MATERIAL SUPPLIED START

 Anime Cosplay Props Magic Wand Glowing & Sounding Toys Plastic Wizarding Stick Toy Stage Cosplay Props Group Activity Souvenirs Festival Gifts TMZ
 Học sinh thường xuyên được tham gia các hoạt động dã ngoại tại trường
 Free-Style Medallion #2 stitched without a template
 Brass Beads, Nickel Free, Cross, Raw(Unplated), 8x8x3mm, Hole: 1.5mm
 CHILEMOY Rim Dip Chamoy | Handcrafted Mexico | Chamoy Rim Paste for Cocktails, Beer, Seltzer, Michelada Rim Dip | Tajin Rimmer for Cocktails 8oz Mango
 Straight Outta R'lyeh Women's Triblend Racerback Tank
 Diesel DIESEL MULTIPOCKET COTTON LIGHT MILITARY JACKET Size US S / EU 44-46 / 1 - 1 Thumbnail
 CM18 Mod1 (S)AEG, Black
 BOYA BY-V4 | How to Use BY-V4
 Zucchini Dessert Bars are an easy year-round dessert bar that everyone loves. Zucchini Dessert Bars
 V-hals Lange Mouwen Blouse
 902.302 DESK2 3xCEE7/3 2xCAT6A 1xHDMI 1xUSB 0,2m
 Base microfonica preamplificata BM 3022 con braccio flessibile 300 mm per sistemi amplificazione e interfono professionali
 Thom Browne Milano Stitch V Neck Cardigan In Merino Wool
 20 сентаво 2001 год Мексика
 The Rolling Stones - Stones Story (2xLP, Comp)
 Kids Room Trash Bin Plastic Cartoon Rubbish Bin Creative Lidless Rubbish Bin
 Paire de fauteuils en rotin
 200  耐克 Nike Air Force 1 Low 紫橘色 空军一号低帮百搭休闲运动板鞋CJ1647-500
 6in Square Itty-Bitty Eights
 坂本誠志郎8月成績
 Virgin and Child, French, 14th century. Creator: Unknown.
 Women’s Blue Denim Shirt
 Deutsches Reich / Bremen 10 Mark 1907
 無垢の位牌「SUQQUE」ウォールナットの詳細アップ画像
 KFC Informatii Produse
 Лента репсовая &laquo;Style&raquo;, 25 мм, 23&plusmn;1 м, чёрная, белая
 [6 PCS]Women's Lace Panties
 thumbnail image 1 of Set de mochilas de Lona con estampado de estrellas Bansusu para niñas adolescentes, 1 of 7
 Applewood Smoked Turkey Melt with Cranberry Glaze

MATERIAL SUPPLIED END

- [ASSIGNMENT]
Collect every line from the records above that contains the word "Style".

- [OUTPUT FOR THIS EXERCISE]
 Free-Style Medallion #2 stitched without a template
 Лента репсовая &laquo;Style&raquo;, 25 мм, 23&plusmn;1 м, чёрная, белая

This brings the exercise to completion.